Binance discloses revenue-sharing deal with Alpaca for stock trading
The crypto exchange will pocket 50% of Alpaca's payment-for-order-flow fees and 65% of stock lending profits under a newly published legal agreement.
Binance just pulled back the curtain on how it plans to make money from its new stock trading service, and the numbers are eye-opening.
A legal document published Tuesday in Binance’s Securities Trading Terms reveals the exchange will receive 50% of the payment-for-order-flow (PFOF) fees generated by Alpaca, plus 65% of the remaining profit from user stock lending after users are paid their interest. Binance also holds a minority equity stake in Alpaca, tying their financial futures together in ways that go well beyond a typical vendor relationship.
How the deal works
Payment for order flow is the practice where a broker routes customer orders to market makers in exchange for a fee. Alpaca gets paid by market makers for sending them customer trades, and Binance now gets half of that money.

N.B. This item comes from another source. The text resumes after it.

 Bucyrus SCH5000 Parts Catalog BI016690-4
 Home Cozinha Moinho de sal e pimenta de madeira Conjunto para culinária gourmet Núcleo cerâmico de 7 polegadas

The stock lending piece is simpler but potentially more lucrative over time. When users hold stocks through the platform, those shares can be lent out to short sellers and other market participants. The revenue generated from that lending activity, after users receive their interest cut, gets split with Binance taking 65% of what remains.
The disclosure came just days after Binance launched its stock and ETF trading service on June 1. The platform lets users trade more than 7,000 US-listed stocks and ETFs in a 24/5 format, with fractional share orders starting as low as $5. Users can fund their accounts using stablecoins like USDC, USDT, and BNB.
Alpaca’s quiet dominance
Most crypto users have probably never heard of Alpaca, but the company has carved out a remarkable position in the tokenized securities space. The regulated broker-dealer handles execution, clearing, settlement, and custody for trades placed through Binance’s platform. It controls approximately 94% of the market share for tokenized US stock and ETF custody.
The minority equity stake that Binance holds in Alpaca adds another layer to the relationship. It means Binance isn’t just a customer or a revenue-sharing partner.
What this means for investors
The stock lending component carries its own set of considerations. Users should understand that when their shares are lent out, they may lose certain shareholder rights, including voting rights, during the lending period. The 65% profit share going to Binance also means users are getting a relatively modest slice of the lending economics, though they do receive interest payments before the profit split occurs.
The $5 minimum for fractional shares is a deliberate play for accessibility. Unlike Robinhood, Binance’s user base is global, which means millions of people who previously had limited access to US equity markets can now participate with stablecoin deposits.
Alpaca’s near-monopoly on tokenized stock custody is worth watching closely. A 94% market share in any infrastructure category creates both efficiency and concentration risk. If Alpaca experienced a significant operational issue or regulatory challenge, the ripple effects would touch virtually every platform offering tokenized US equities.